*Exercise brief:*
Would you set down the data that follows, word for word, without any pictures?

*Stored data:*
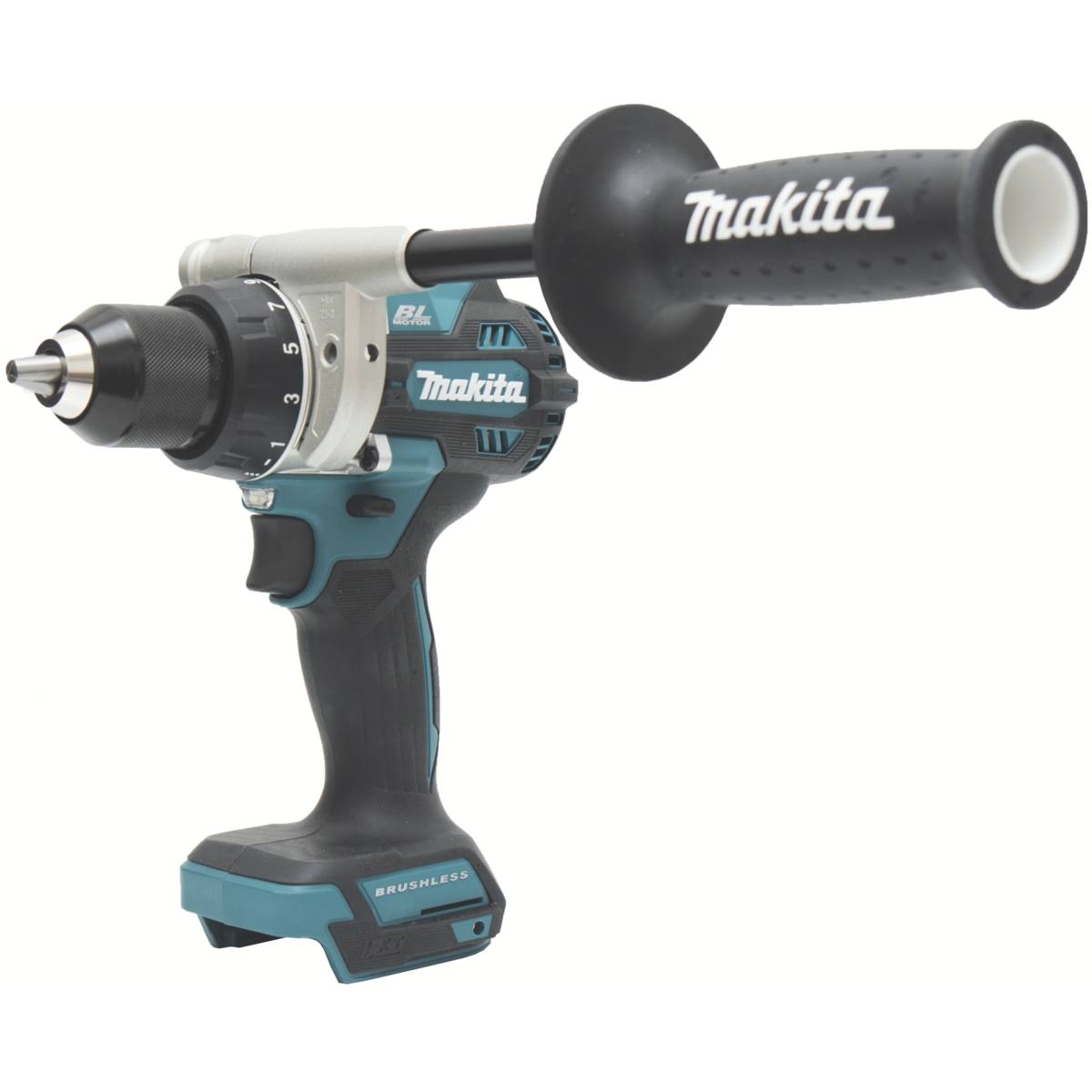 PERCEUSE VISSEUSE 18V + PACK BATTERIES + COFFRET 30 EMBOUTS
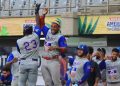 Caimanes logra su segunda blanqueada consecutiva y se acerca a semifinales de la Serie de las Américas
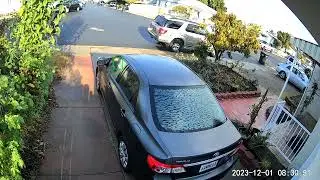 person #trespasser garage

*Response for this exercise:*
 PERCEUSE VISSEUSE 18V + PACK BATTERIES + COFFRET 30 EMBOUTS
 Caimanes logra su segunda blanqueada consecutiva y se acerca a semifinales de la Serie de las Américas
 person #trespasser garage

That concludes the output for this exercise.